§ **Source material**:
══════════

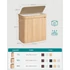 Kép 2/6 - Fedeles szennyeskosár, bambusz ruháskosár 150 L, természetes bézs színben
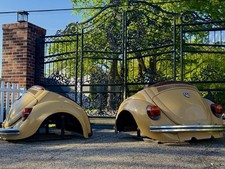 Vintage Volkswagen VW Beetle Bug Car Tufted Leather Sofas restaurant Movie picture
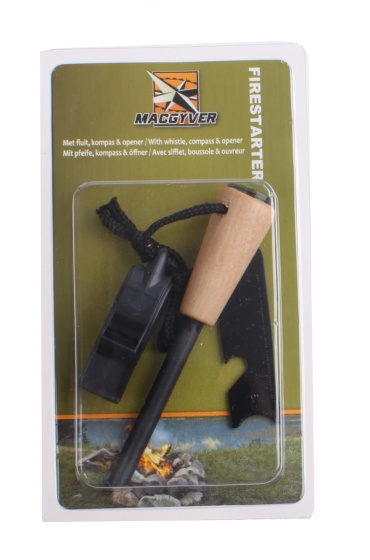 MacGyver Feuerstarter schwarz, aus Stahl & Holz, mit Kompass & Pfeife, ca. 13 cm
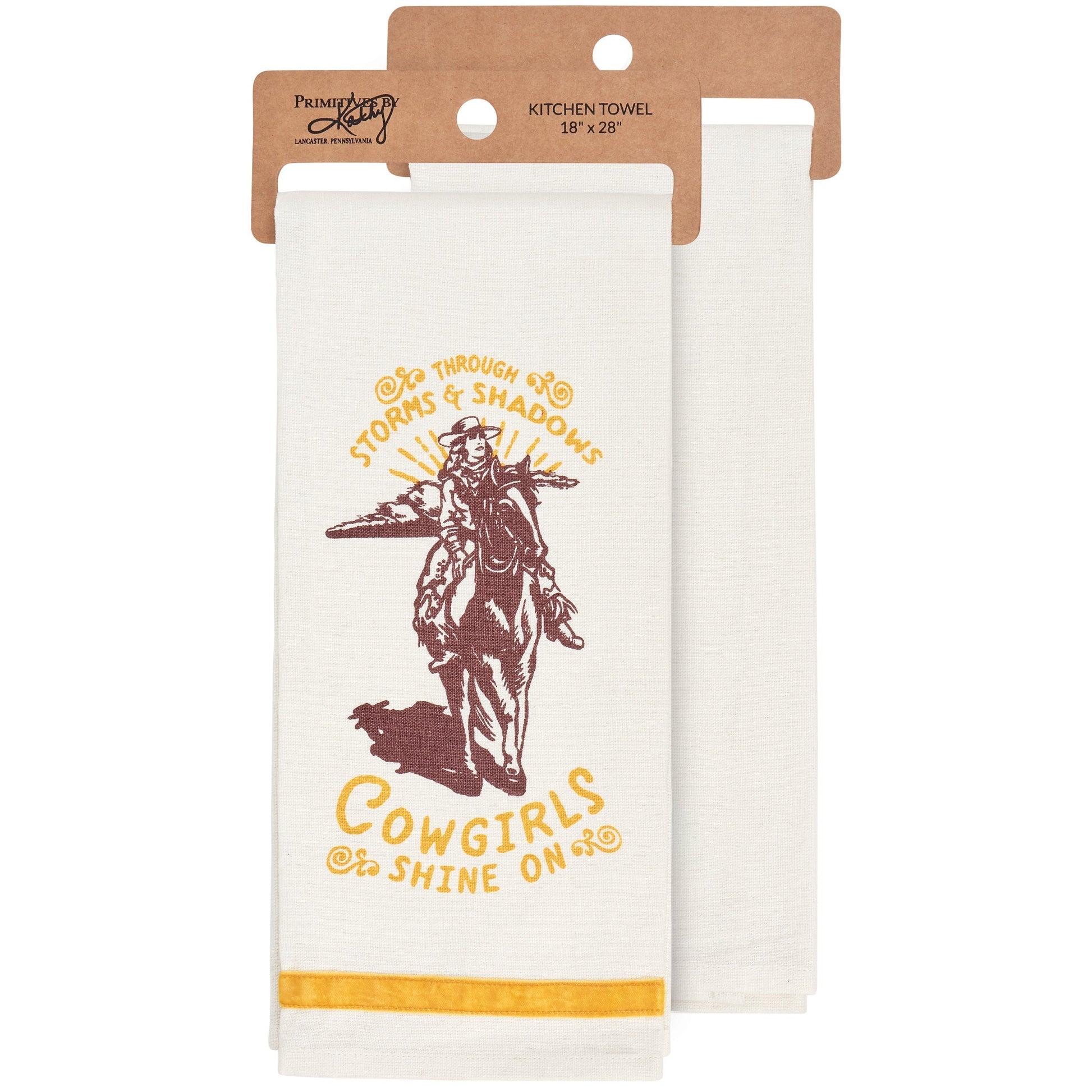 Cowgirls Shine On Kitchen Towel | Western-themed Tea Hand Dish Cloth | 18" x 28"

══════════

§ **Work order**: Drop the pictures and reproduce the rest of the data exactly.

§ **Answer space**:
 Kép 2/6 - Fedeles szennyeskosár, bambusz ruháskosár 150 L, természetes bézs színben
 Vintage Volkswagen VW Beetle Bug Car Tufted Leather Sofas restaurant Movie picture
 MacGyver Feuerstarter schwarz, aus Stahl & Holz, mit Kompass & Pfeife, ca. 13 cm
 Cowgirls Shine On Kitchen Towel | Western-themed Tea Hand Dish Cloth | 18" x 28"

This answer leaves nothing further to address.